Barnwood Salvage Business

creativehardwoods

New Member
1
I have a reclaimed lumber and furniture company that has been in business for 7 years and does very well but so far have not carried any insurance. My business partner and I have dismantled and salvaged old barns since we began along with purchasing barn wood materials from others. I would like to be able to employ help for tear downs but when we first started we got a work comp quote for payroll of $25,000 per yer and it was around a $1000 per month and no offer on general liability. $1000 per month to provide work comp on one worker just didn't seem worth it. Curious if any body here has any experience working with barn wood salvage companies. Hoping to get some advice as to the most affordable way to set up work comp and gen liability insurance for salvaging old barns.

Thank you in advance
 
First, you need an to find an independent agent that understands construction risks. For work comp, the only market available will be thru yours state's assigned risk options, most likely the application will go thru NCCI, and 'assigned' to a participating carrier, such as Travelers. The 'rate' is based on your scope of work and is given a 'class code'. In AZ, your class code most likely would be 5645, with a rate around $22/$100 of payroll. The rate is set by NCCI, so no sense in shopping it. Where work comp gets messy, is if you use any uninsured sub contractors, or members failing to exclude themselves, or cheating on your payroll totals. But the rate is the rate, based on scope of work, and based on verifiable payroll. If it's 22%, or 50%, there is no lowering it. You must understand it and price it into your work.

For the general liability, your premium will be based on your exposures. Exposure for the demolition will be based on total payroll or gross receipts, and sub expenses. Exposure also needs to be included for the end products and manufacturing. You want to make sure your policy does include products/completed operations, and depending on what your making it may or may not be affordable. The underwriting will involve information about what your making, where your making it at and how your selling it. On premise sales, distributors, internet, all factor in.

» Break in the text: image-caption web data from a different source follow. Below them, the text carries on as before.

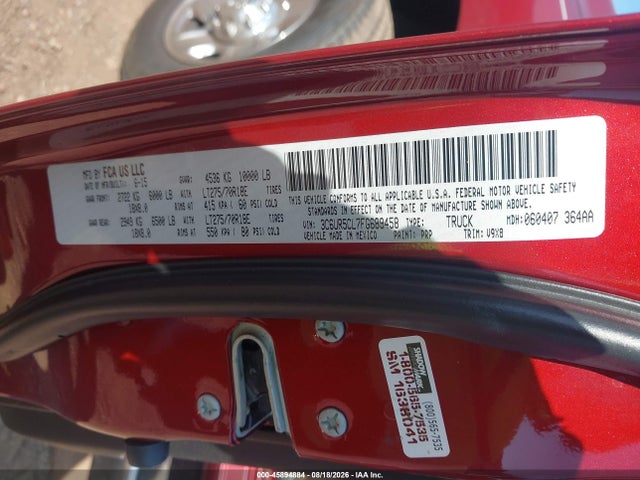 Продажа на аукционе авто 2015 Ram 2500 Tradesman, vin: 3C6UR5CL7FG689458, номер лота: 45894884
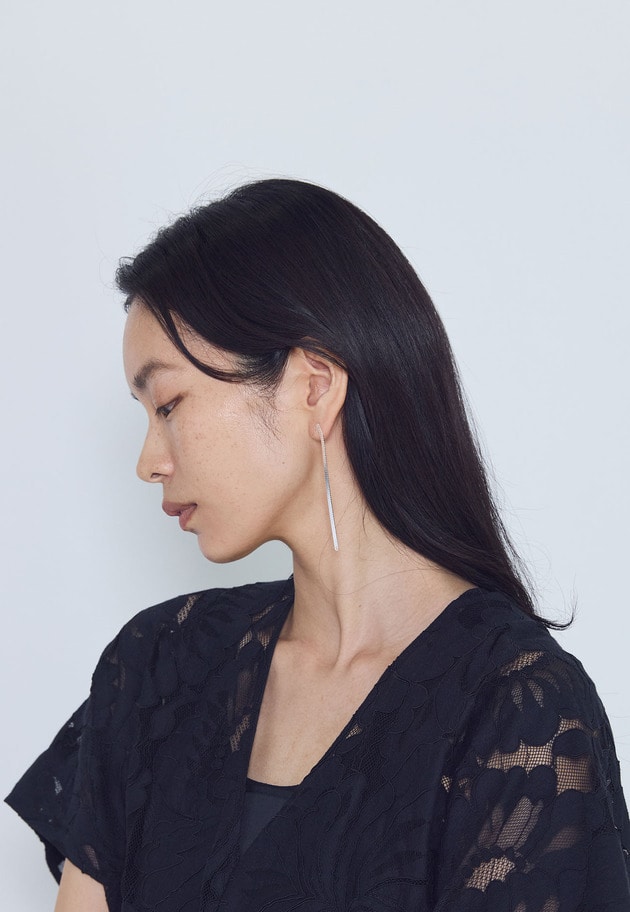 ＜YVETTE（イヴェット）＞スネークチェーンピアス(片耳) 詳細画像 Silver 3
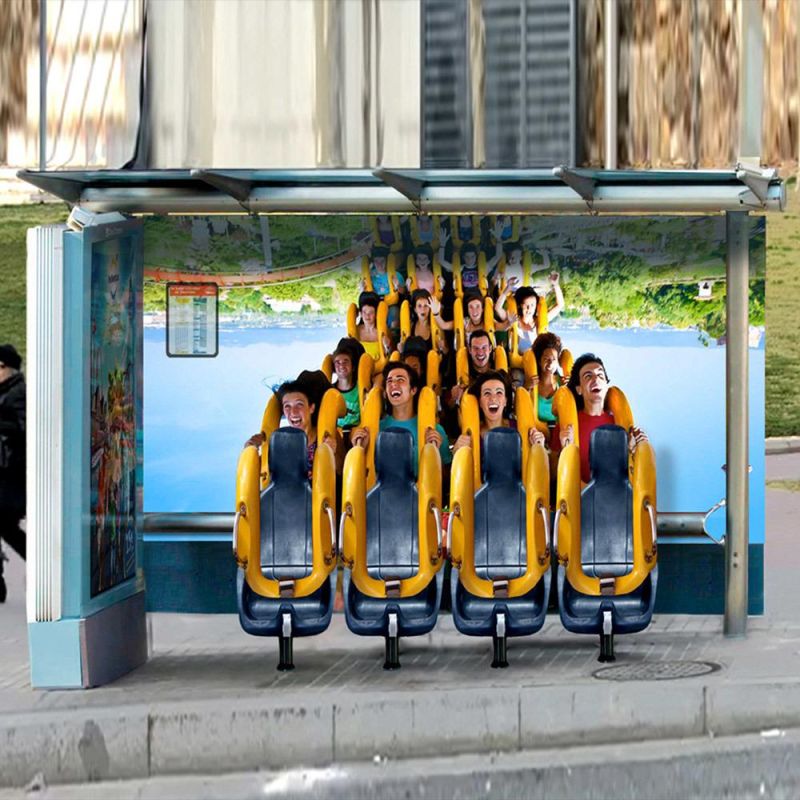 Outdoor Street Furniture Bus Stop Shelter for Sale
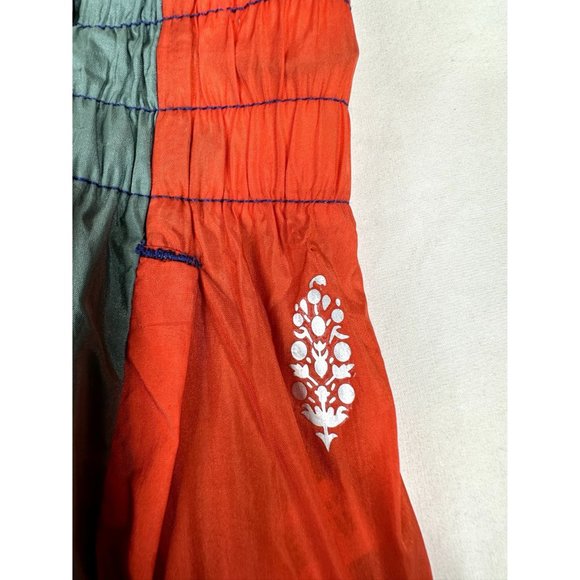 NWOT Tags‎ Free People Movement End Zone Pants size medium Blue/Orange - Picture 4 of 9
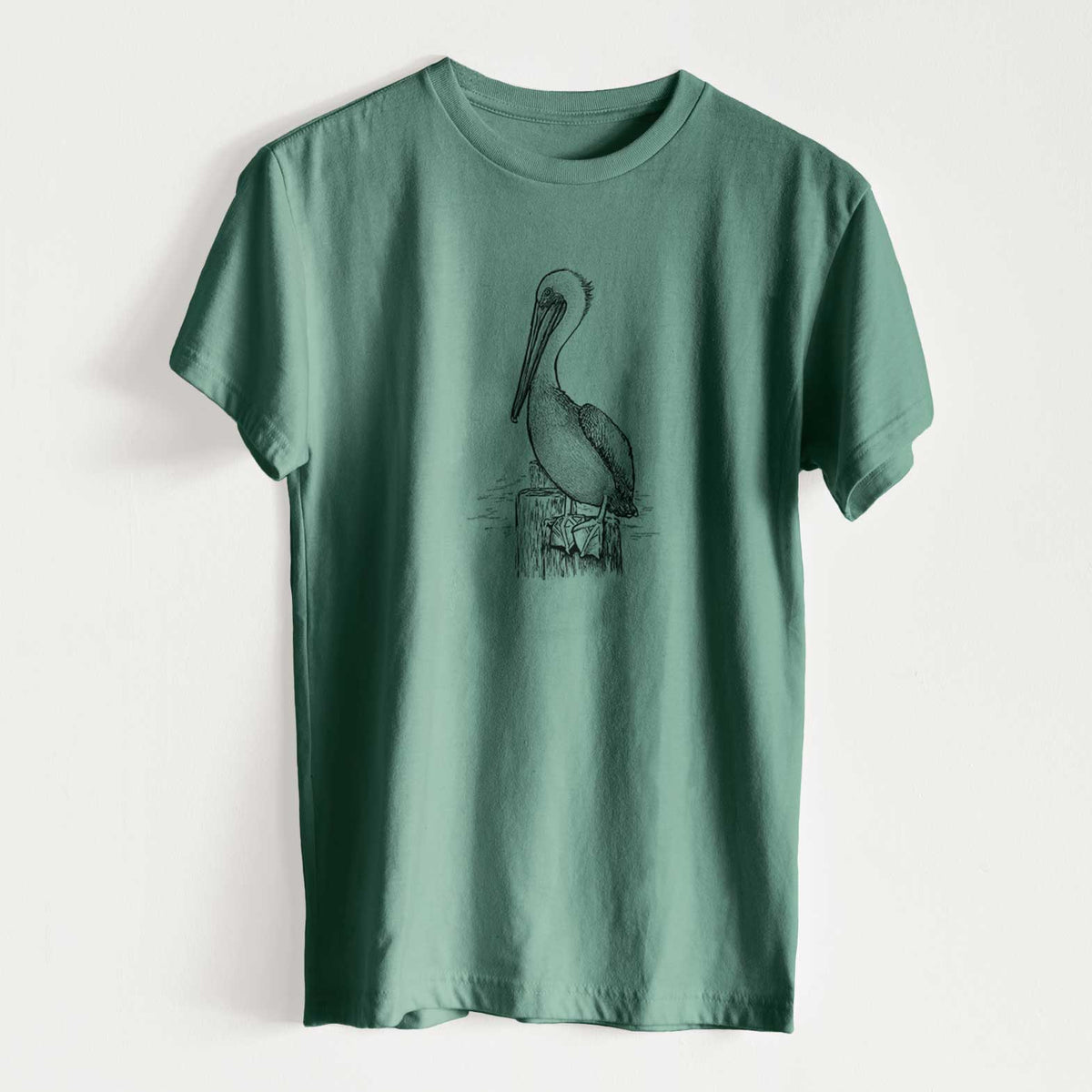 Pelecanus occidentalis - Brown Pelican - Unisex Recycled Eco Tee  - CLOSEOUT - FINAL SALE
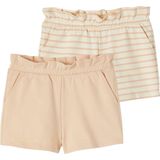 Set van 2 meisjesshorts - Snoepjesroze - Bermuda's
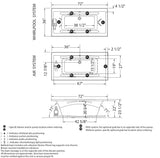 Optik 7236 Acrylic Undermount Center Drain Bathtub in White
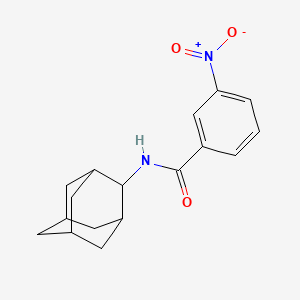 molecular formula C17H20N2O3 B5745353 N-(2-adamantyl)-3-nitrobenzamide 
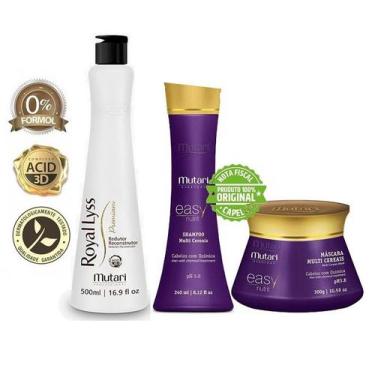 Imagem de Mutari kit royal lyss + multi cereais shampoo + mascara ed
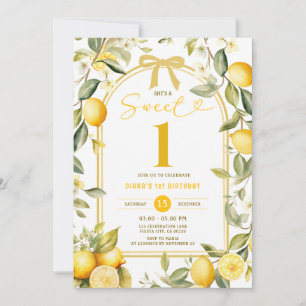 Convite Lemon Sweet One Party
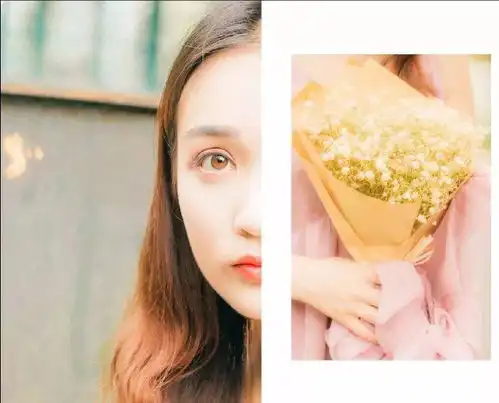 仙系复古清新暖色调
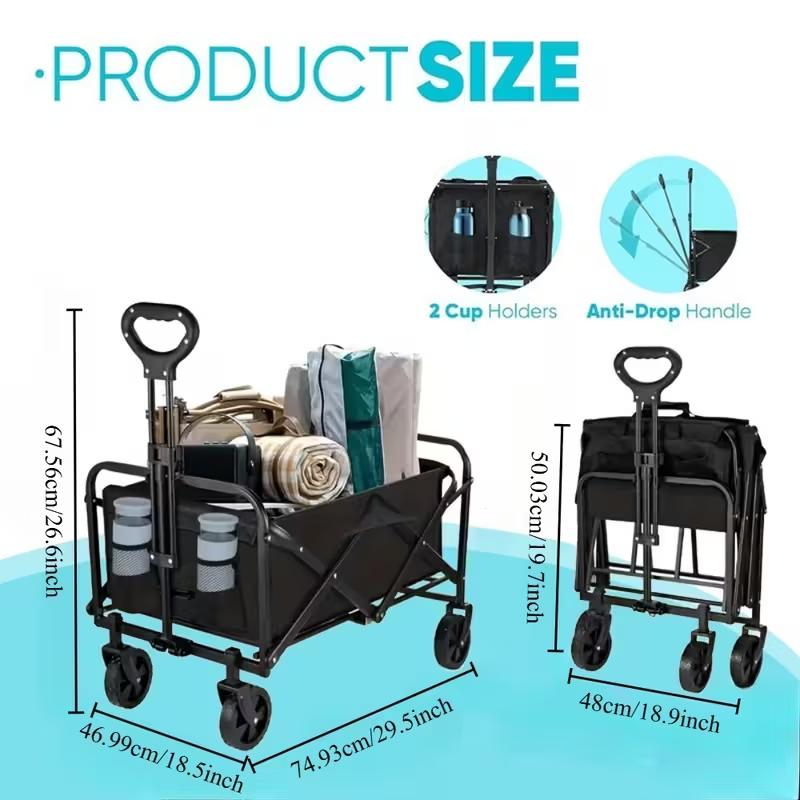 عربة قابلة للطي متعددة الاستخد - مراجعة Outdoor Camping Trolley وسعره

Your markets are limited for general liability too. Your agent will submit your account thru a surplus lines brokerage that has access to carriers that insure your type of risk.

Bottom line, you need to get a carrier and an independent agent that has contemplated and will cover your activities. Or call a captive agent, like State Farm, Allstate, American Family, Farmers who will insure you like a normal retail furniture store and not care.
 
I agree with AZDave. This is a non-standard risk, and from the look of things, the GL premium will be perhaps too high for you creativehardwoods.

If you go the 'standard' route that Dave suggested, Or call a captive agent, like State Farm, Allstate, American Family, Farmers who will insure you like a normal retail furniture store and not care. " - you run the risk of claims being denied, if there you get to that point.

I think Dave's advice to get a local independent agent's advice is sound - the problem there is that you will be hard pressed to find an agent with experience with that niche. Good luck.